Another point that would differentiate the two research areas is the variety of schemata used in the Lod cloud. Each dataset has its own vocabulary, which is adapted to the context, where some vocabularies use extremely specific or idiosyncratic terms. It is therefore not granted that an approach which can perform well on open-domain QA may also generalize well on other datasets. Term overlap is also frequent, leading to a scenario that is completely different than in Kbqa.
4 What to do now?
In this section, we propose two settings of a hypothetical benchmark. Both settings could be generated semi-automatically without too much human effort, or at least no more than for a canonical Qald dataset. The availability of the numerous Qald benchmarks released so far reduces the risk factor consistently. After such new benchmarks are released, we expect the community to react and provide resolutions in the span of one year within the next Qald edition.
A domain-specific dataset containing links to (e.g.) DBpedia and Schema.org entities is given in full to the QA systems. Questions can be answered only if the DBpedia and Schema.org links are dereferenced. A snapshot of the used Lod cloud subset can be created for reproducibility and distributed through query-ready formats such as KBox [marx2017kbox] and HDT [gallego2011hdt].
The second setting we propose exploits the fact that properties utilized in the Lod cloud are defined by widely-adopted standardized
vocabularies. The task is to apply transfer learning over two or more datasets using one or more common upper ontologies (e.g., OWL, DCT, SKOS). Training data are only given on a dataset A, while questions target dataset B, where the different ontologies in A and B are aligned to an upper ontology.

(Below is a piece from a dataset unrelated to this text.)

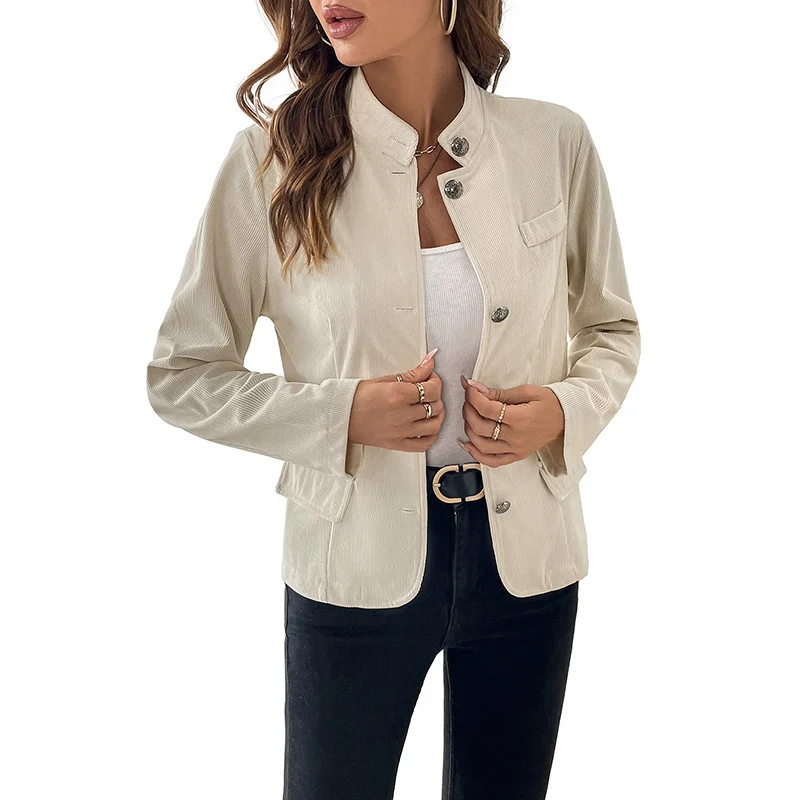 

Fashion Women's New Cardigan Jacket Corduroy Short Jacket Women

We showed the necessity for the Qald community to tackle the homonym problem not as a single KB, from the perspective of the Web of Data. After such new benchmarks are released, we expect the community to react and provide resolutions in the span of one year within the next Qald edition. Our plea is to let language experts do language and Web semantics experts do semantics. While the former will keep addressing all problems related to human language, new challenges will arise for the SW.
We thank Dennis Diefenbach for his kind suggestions and feedback.